RECORDS PROVIDED section start
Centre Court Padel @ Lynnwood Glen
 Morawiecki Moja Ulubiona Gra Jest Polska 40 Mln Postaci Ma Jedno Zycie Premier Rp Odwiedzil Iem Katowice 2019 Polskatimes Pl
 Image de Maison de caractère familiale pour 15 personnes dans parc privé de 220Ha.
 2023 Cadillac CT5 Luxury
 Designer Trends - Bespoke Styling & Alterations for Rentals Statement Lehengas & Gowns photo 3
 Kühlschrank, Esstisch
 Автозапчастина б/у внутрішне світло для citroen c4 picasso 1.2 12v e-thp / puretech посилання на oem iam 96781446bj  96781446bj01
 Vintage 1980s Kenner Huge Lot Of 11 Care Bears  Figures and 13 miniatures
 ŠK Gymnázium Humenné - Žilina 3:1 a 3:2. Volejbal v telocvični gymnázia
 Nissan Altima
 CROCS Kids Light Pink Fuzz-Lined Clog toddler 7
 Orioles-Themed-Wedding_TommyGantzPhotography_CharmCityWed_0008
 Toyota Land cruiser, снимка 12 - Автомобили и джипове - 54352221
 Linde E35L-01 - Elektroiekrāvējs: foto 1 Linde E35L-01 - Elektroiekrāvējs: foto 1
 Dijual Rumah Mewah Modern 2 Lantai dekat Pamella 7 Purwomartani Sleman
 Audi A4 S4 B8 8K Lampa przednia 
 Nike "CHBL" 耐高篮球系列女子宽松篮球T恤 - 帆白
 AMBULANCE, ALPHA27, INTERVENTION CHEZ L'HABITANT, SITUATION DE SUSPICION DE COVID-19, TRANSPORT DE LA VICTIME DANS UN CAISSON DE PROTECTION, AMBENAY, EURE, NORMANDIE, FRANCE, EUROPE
RECORDS PROVIDED section end
> **PROBLEM TO WORK ON**
With the line that contains "Dijual Rumah Mewah" as the start, output every line through the end of the entries exactly. Add no other lines.

> **ANSWER SECTION**
 Dijual Rumah Mewah Modern 2 Lantai dekat Pamella 7 Purwomartani Sleman
 Audi A4 S4 B8 8K Lampa przednia 
 Nike "CHBL" 耐高篮球系列女子宽松篮球T恤 - 帆白
 AMBULANCE, ALPHA27, INTERVENTION CHEZ L'HABITANT, SITUATION DE SUSPICION DE COVID-19, TRANSPORT DE LA VICTIME DANS UN CAISSON DE PROTECTION, AMBENAY, EURE, NORMANDIE, FRANCE, EUROPE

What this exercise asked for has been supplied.